Ozone gas group (n = 12): Occlusal pits and fissures of crowns were pretreated with ozone gas (ozone GM/HR). This ozone gas was delivered from the ozone gas production machine at 100 ppm using a narrow gas delivery nozzle for 30 seconds. Following this, acid etching with 37% phosphoric acid (Avue 37%) for 20 seconds was done. Then, a dentin bonding agent (3M ESPE Adper Single Bond) was applied, and sealant (Protec) was placed (Figs 1A to C).
Control group (n = 12): Occlusal pits and fissures of crowns were not pretreated with any agent. Hence, crowns were directly acid etched with 37% phosphoric acid (Avue 37%) for 20 seconds, followed by the application of dentin bonding agent (3M ESPE Adper Single Bond), and sealant (Protec) was placed.

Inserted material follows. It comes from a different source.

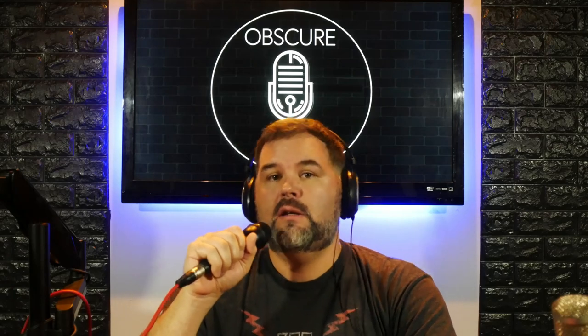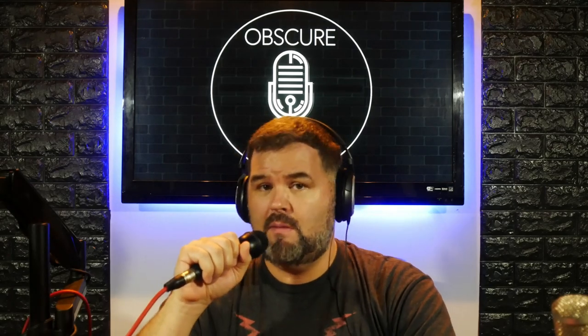What is going on, Obscure Mic people? It is Bark coming at you with another microphone test review demo — whatever you want to call it. Dumb guy talking into a dumb mic — we could just name the channel that. Dumb mic, dumb guy.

All crowns were stored in distilled water separately in three different containers. Thereafter, the crowns were subjected to thermocycling (500× cycles for 1 day) to simulate the conditions of the oral cavity. Crowns were sealed with two coats of nail varnish and immersed in 2% methylene blue solution for 24 hours. Thorough rinsing with distilled water and air-drying of the crowns was done. Each crown was sectioned longitudinally in a buccolingual direction using a water-cooled diamond disk. The sections were kept dry until microscopic examination. The depth of penetration of methylene blue within the sealant helps in the evaluation of microleakage.
Microleakage Test
The methylene dye penetration test was evaluated using a stereomicroscope of prepared sections from each specimen. The degree of penetration of methylene blue dye on photographs (10× magnification) was observed to determine the depth of microleakage (Fig. 1D).
Microleakage was assessed using the scoring system given by Demirci et al., 2013.13
-
No dye leakage.
-
Dye leakage up to half of the cavity walls.
-
Dye leakage in the entire cavity wall.
-
Dye leakage in the cavity wall and floor.
-
Dye leakage partly or fully extends to the pulp.
Statistical Analysis
Data obtained was analyzed using SPSS v23 software, keeping the level of significance at 5%. Kruskal–Wallis test was used to compare the microleakage values, and a p-value of <0.05% was considered significant.
RESULTS
The microleakage scores were evaluated using a scoring system by Demirci et al., which ranges from score 0 to 4. Score 0 signifies no microleakage, whereas score 4 shows maximum microleakage.
The mean values of microleakage for the NaOCl group, ozone group, and control group were 2.58, 2.67, and 2.75, respectively. By applying the Kruskal–Wallis test, the mean values within the three groups were compared, which showed no statistically significant difference (p = 0.888) (Tables 1 and 2).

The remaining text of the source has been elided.